We got to our town house an hour before the management closed on a Saturday and then realized we never had the utilities turned on and would have to wait.  I was moving into my old roommate’s ward and she had managed to scramble a few guys together at the last moment and our family that lives in Las Vegas showed up.  Brent and I were spent down to the last part of us and we still had to unpack.  Brent looked beat up and exhausted and we didn’t see any way that we would be able to stay in our house that night without utilities or go to church in the morning.  The elder’s quorum president seemed especially concerned and didn’t want to leave us.  We were obviously a disaster that had plopped ourselves into Las Vegas and into his ward. He left for a while and came back with a few flashlights and camping lamps and told us if we needed his help the next day even though it was Sunday not to hesitate to call him.  I remember him telling us if we at least needed help with setting beds up before it got dark the next day to please call him.  Even though it was the Sabbath we felt we had no choice but to collect ourselves instead of going to church the next day.  We couldn't even attempt to find church clothes in the chaos.  Brent’s sister Stephanie let us come and stay at her house and sleep in their beds.  It was marvelous; we even got a quick shower.
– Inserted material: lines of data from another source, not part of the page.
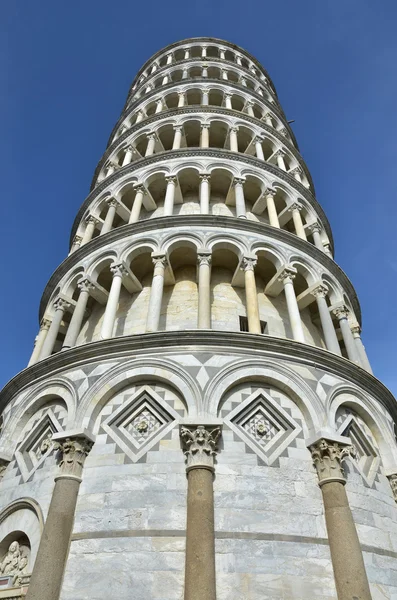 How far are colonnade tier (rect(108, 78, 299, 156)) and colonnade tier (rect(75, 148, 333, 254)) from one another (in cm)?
575

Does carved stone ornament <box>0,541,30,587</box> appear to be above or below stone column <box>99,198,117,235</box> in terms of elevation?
below

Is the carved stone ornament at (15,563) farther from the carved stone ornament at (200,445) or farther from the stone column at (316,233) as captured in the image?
the stone column at (316,233)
The next day we desperately tried to get organized but between the kids, a new born and not knowing where anything was I reached a point that I felt we had no other choice but to call Shawn, our elder’s quorum president and ask him for help setting up the beds.  He seemed relieved that we had called and promised he would be over as soon as he was home from church.  He came in and an hour later he had not only set up our beds before dark he had helped us to organize the boxes and furniture so we could maneuver around the house.  It was one of the most Christ-like acts I have witnessed in my life.  Not once did he judge us or make us feel that we had no right to interrupt his Sabbath but he helped a suffering family with a pure and serving heart, only concerned for our welfare. 
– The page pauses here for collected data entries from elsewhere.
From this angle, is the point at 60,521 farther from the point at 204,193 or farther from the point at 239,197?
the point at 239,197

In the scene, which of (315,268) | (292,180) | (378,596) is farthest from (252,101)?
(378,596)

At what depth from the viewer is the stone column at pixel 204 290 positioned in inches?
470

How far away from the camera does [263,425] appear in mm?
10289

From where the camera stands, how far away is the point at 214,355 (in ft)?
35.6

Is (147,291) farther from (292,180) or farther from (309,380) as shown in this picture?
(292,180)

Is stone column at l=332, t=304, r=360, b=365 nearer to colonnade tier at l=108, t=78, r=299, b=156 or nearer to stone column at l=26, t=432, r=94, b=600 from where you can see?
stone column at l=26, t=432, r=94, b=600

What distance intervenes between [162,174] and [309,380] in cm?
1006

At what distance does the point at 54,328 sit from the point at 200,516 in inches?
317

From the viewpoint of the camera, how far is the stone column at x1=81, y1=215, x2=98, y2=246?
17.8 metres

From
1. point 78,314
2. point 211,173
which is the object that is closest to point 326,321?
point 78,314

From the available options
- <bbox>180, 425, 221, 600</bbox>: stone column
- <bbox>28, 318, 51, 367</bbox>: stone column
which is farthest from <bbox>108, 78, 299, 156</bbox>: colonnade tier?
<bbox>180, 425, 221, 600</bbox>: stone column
The next day a couple of miracles happened and we got both our electricity and our gas turned on.  I've heard horror stories since this experience that a number of people have gone weeks without gas in the Vegas area so it was a great blessing.  There was also an investigation done with the moving company and they eventually returned our nonrefundable down payment.  It took a full month to get the house organized and another month to get the garage to a point of parking both our cars in it.   Things weren’t immediately better.  In fact it took months upon months and things even got a little worse again before they got better.  But, eighteen months later, we are finally, slowly but surely seeing a light at the end of the tunnel.   I will never forget the help we received during that time from angels both on this side of the vail and the other.  As I have written this story I can see the miracles intertwined with the sorrows and I am truly grateful for the opportunities that have helped me to become acquainted with God.